Private prison operators paid $13,000 to the sponsor of a bill in Congress that would put them out of business, and her challenger is asking if that is why the legislation has not moved out of committee since it was introduced on September 22, 2016.
Congresswoman Bonnie Watson Coleman received $13,000 in campaign contributions from Community Education Centers, a company that operated privately owned prisons and lobbied aggressively to create laws that resulted in the mass incarceration of black and Hispanic men.
Community Education Centers was a private for-profit prison company based in Watson Coleman’s home state, New Jersey, but the company had been active in seventeen American states and in Bermuda before The GEO Group, Inc. acquired it for $360 million in an all cash transaction.
Her financial support from privately owned prison companies — combined with the lack of progress on her legislation — shows that Congresswoman Bonnie Watson Coleman takes a stronger interest in protecting big business than she does in preserving justice for all Americans.
“As the sponsor of the End For-Profit Prisons Act, which would ostensibly prohibit the federal government from contracting with private prison corporations, Congresswoman Bonnie Watson Coleman needs to explain why she accepted $13,000 in campaign contributions from Community Education Centers, which was the biggest private prison company in New Jersey,” said Lisa McCormick, the progressive Democrat who is challenging the representative in the Democratic primary.
An August 2016 report from the Office of the Inspector General at the Department of Justice found more safety and security incidents per capita at for-profit prisons than comparable facilities run by the government, including inappropriate use of solitary confinement. Shortly after the report was released, President Obama’s administration announced plans to phase out the use of for-profit prisons.
At the time, McCormick applauded the Department of Justice’s 2016 decision to stop contracting with private prisons, which then incarcerated 12 percent of federal inmates, but she also warned there is more to be done.
“This is welcome news, but it is not enough to satisfy the demands of justice,” McCormick said in a release prompted the announcement from Deputy Attorney General Sally Yates. “The authority to kill or cage a human being are among the most serious and significant powers reserved for the government and that is why armies, police forces and prisons should not be operated for profit.”
“The vast majority of people incarcerated in America are held in state prisons — rather than those federal jurisdiction, so this decision does not apply to most of the privately run facilities,” McCormick said. “Nor does it apply to Immigration and Customs Enforcement and U.S. Marshals Service detainees, who are not under the purview of the federal Bureau of Prisons.”
During her political career, Bonnie Watson Coleman has collected more than $2 million from special interest PACs including polluters, Wall Street banks, private prison operators and more. McCormick is following a practice madde popular among progressive Democrats who refuse to take ‘dirty money’ and reject contributions from corporate PACs, fossil fuel industry sources, the NRA gun lobby, and other special interests.
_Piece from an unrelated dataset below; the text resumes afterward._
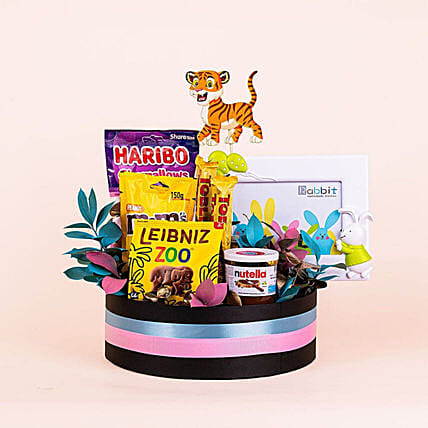 The Cozy Treat Nest:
She earned 159,998 votes two years ago in a statewide campaign for U.S. Senate that was run on less than $5,000.
Typical campaigns are far more costly, but McCormick has said, “Why are candidates expected to beg for money in our society instead of holding voters accountable for rising up to the responsibility of citizenship?”
Wall Street supports Congresswoman Bonnie Watson Coleman because she has consistently supported the kind of corporate welfare that makes it hard for global businesses to lose money.
She recently supported the CARES Act, legislation that created a $6 trillion slush fund controlled by President Donald Trump, distributed billions to corporations and put a measly $1200 in the pockets of some Americans, even though millions of needy people are still waiting for their checks.